Data records:
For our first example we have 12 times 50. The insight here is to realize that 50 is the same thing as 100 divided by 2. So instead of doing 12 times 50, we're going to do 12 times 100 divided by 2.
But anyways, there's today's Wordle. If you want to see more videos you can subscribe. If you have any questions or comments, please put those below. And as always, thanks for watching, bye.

--

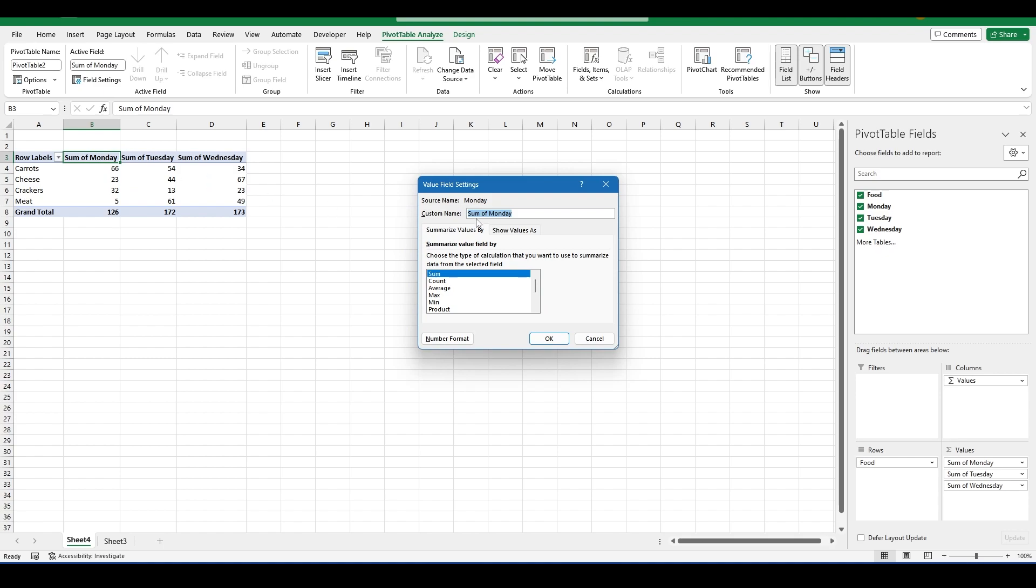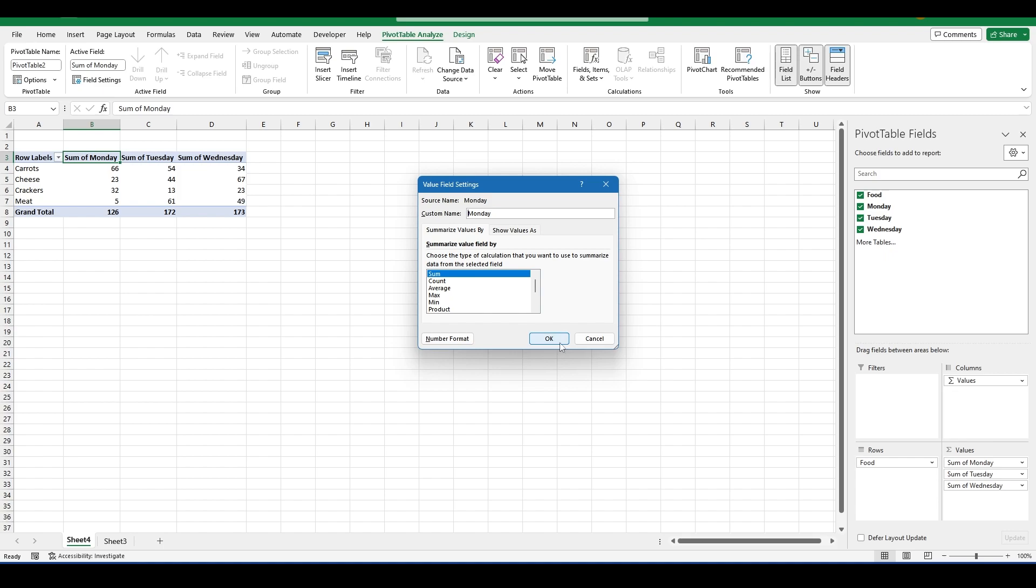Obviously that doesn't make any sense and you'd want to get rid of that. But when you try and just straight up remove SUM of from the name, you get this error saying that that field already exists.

...

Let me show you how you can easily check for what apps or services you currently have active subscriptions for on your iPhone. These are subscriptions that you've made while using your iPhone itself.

Task description:
From the records above, print only the lines between the one holding "For our first" and the one holding "But anyways, there's", inclusive, exactly as they stand.

Result of this task:
For our first example we have 12 times 50. The insight here is to realize that 50 is the same thing as 100 divided by 2. So instead of doing 12 times 50, we're going to do 12 times 100 divided by 2.
But anyways, there's today's Wordle. If you want to see more videos you can subscribe. If you have any questions or comments, please put those below. And as always, thanks for watching, bye.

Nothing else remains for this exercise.